Records from a dataset
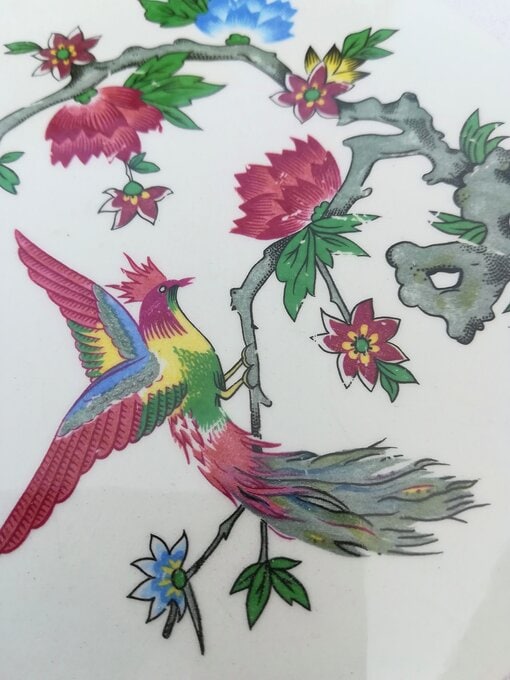 Cabochon,centre d'assiette en faïence K.G Luneville : LE PHOENIX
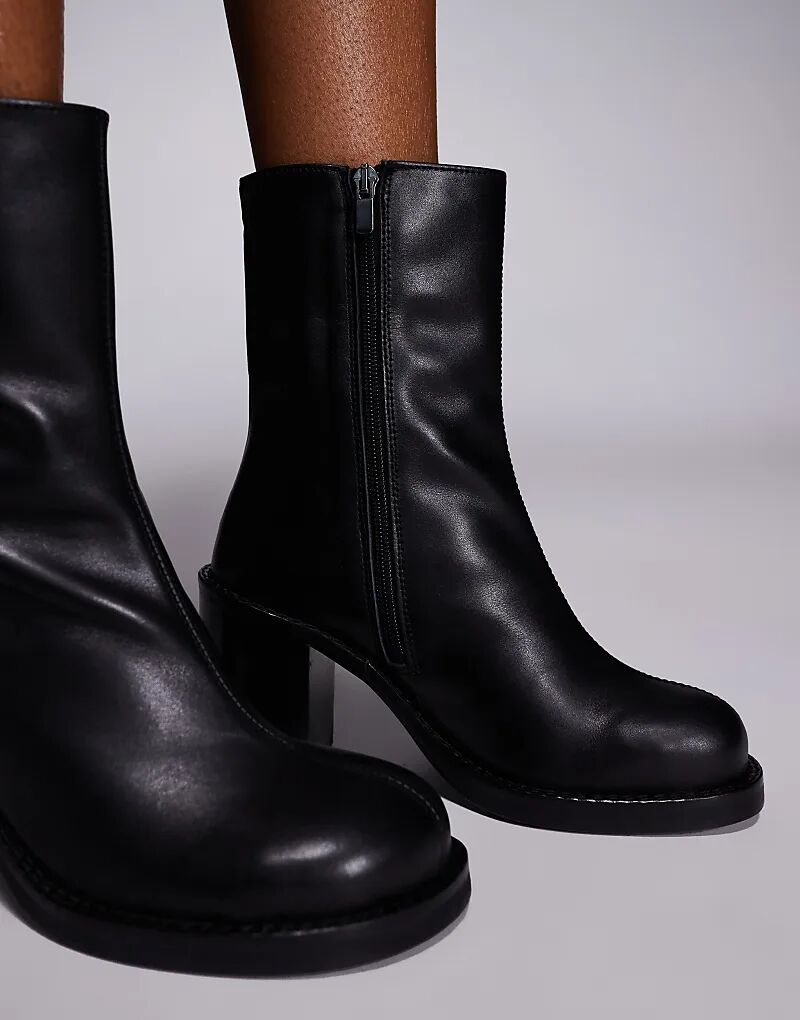 Ботильоны на каблуке из высококачественной кожи ASOS DESIGN Remy черного цвета — фото 3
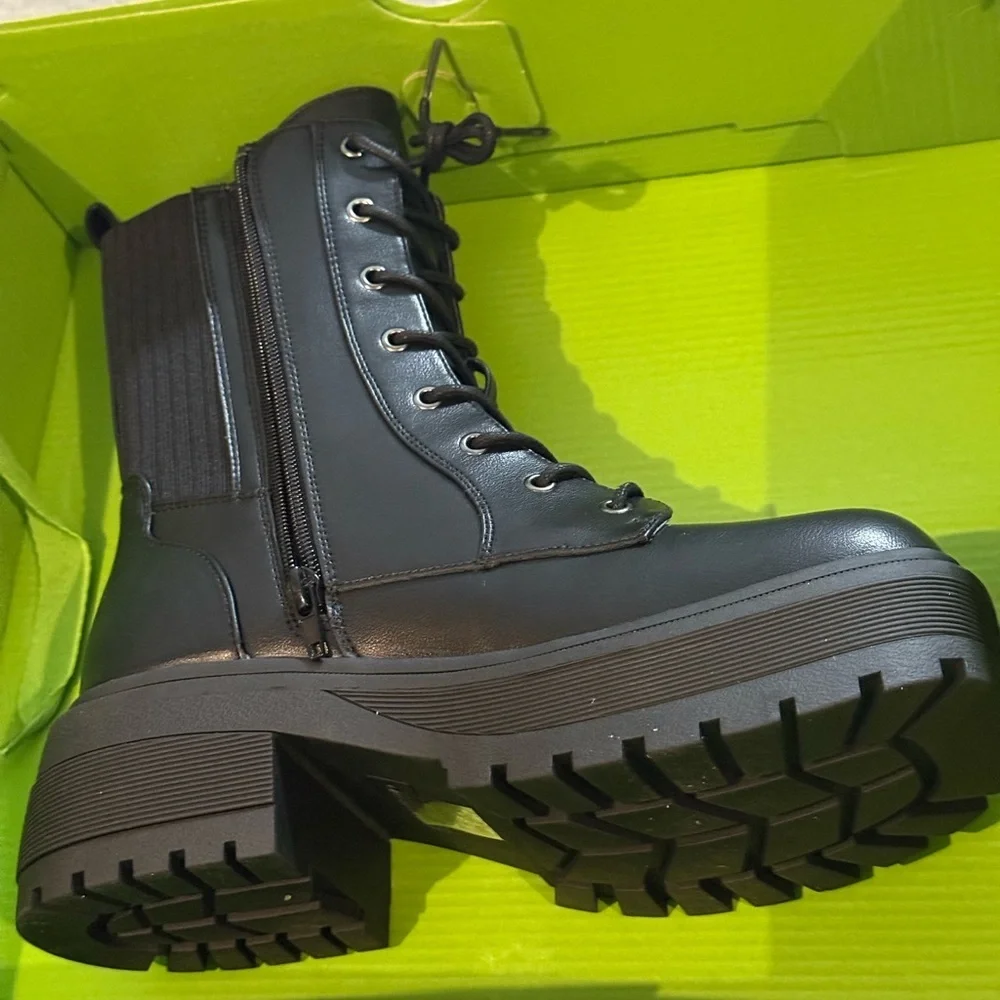 Call It Spring Black Ribbed Combat Boots - Picture 2 of 7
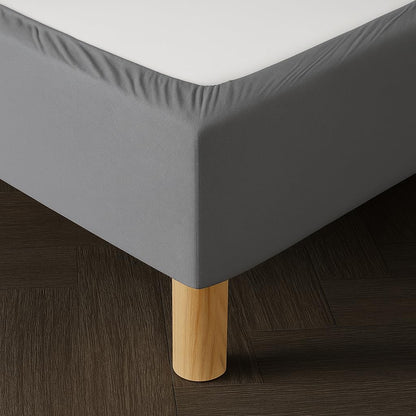 Dahlica Bed Base Cover 140 x 200 cm Grey – Soft and Stretchy Fabric – Impeccable Look – Easy to Install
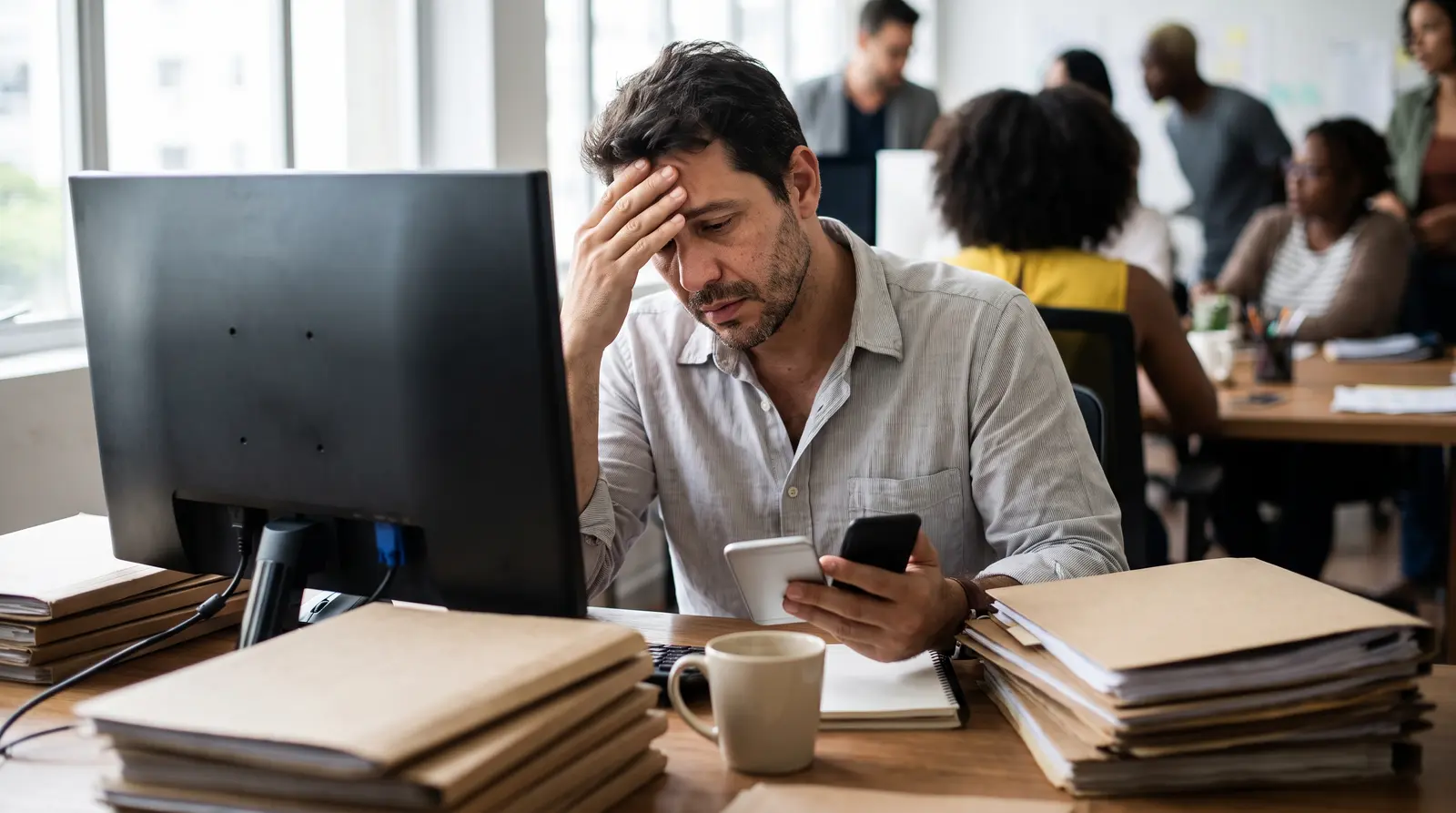 Homem cansado sentado em mesa de escritório com pilhas de pastas, olhando para dois celulares em mãos.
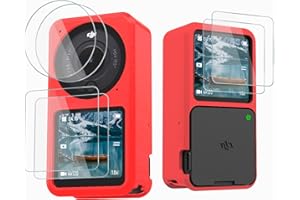 O'woda Action 2 Silikon Schutzhülle mit 2 Set HD Linsenschutz, Kamera Käfig Gehärtetem Glas Film Lens Schutzfolie für DJI Action 2 Dual-Screen Combo Zubehör, Rot
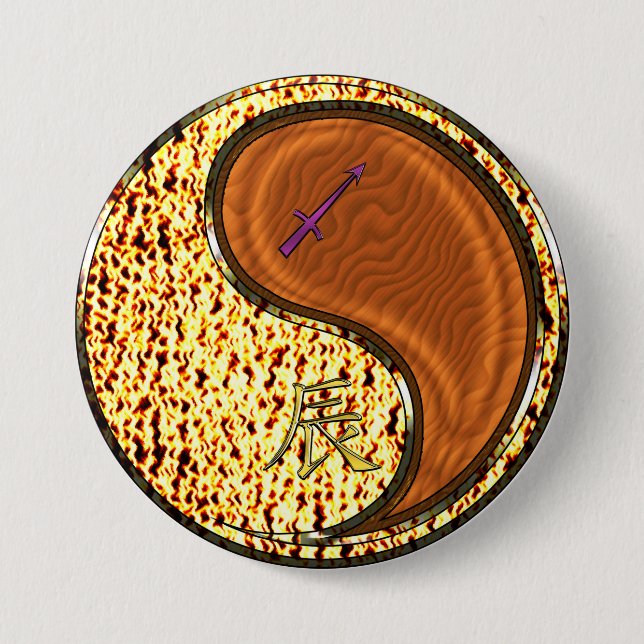 Badge Rond 7,6 Cm Sagittaire & Dragon de Bois (Devant)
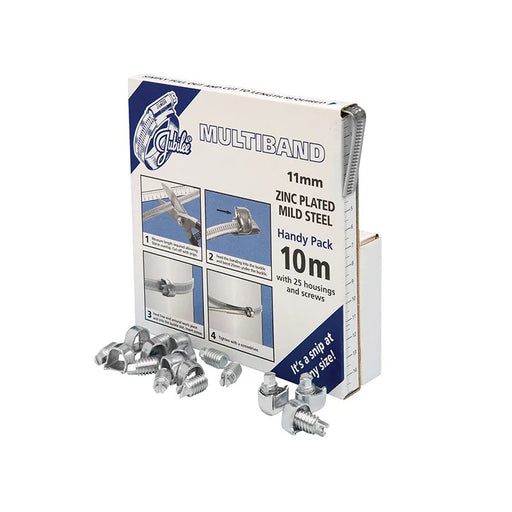 Jubilee® Multiband Mild Steel Handy Pack 11mm (10m + 25 Housings/Screws)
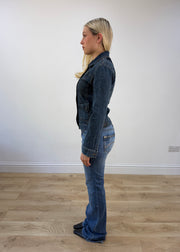 medium dark wash denim jacket photo 4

# EXERCISE
In the copy, omit the pictures and give every line of the data exactly.

# EXERCISE ANSWER
 Cabochon,centre d'assiette en faïence K.G Luneville : LE PHOENIX
 Ботильоны на каблуке из высококачественной кожи ASOS DESIGN Remy черного цвета — фото 3
 Call It Spring Black Ribbed Combat Boots - Picture 2 of 7
 Dahlica Bed Base Cover 140 x 200 cm Grey – Soft and Stretchy Fabric – Impeccable Look – Easy to Install
 Homem cansado sentado em mesa de escritório com pilhas de pastas, olhando para dois celulares em mãos.
 O'woda Action 2 Silikon Schutzhülle mit 2 Set HD Linsenschutz, Kamera Käfig Gehärtetem Glas Film Lens Schutzfolie für DJI Action 2 Dual-Screen Combo Zubehör, Rot
 Badge Rond 7,6 Cm Sagittaire & Dragon de Bois (Devant)
 Jubilee® Multiband Mild Steel Handy Pack 11mm (10m + 25 Housings/Screws)
 medium dark wash denim jacket photo 4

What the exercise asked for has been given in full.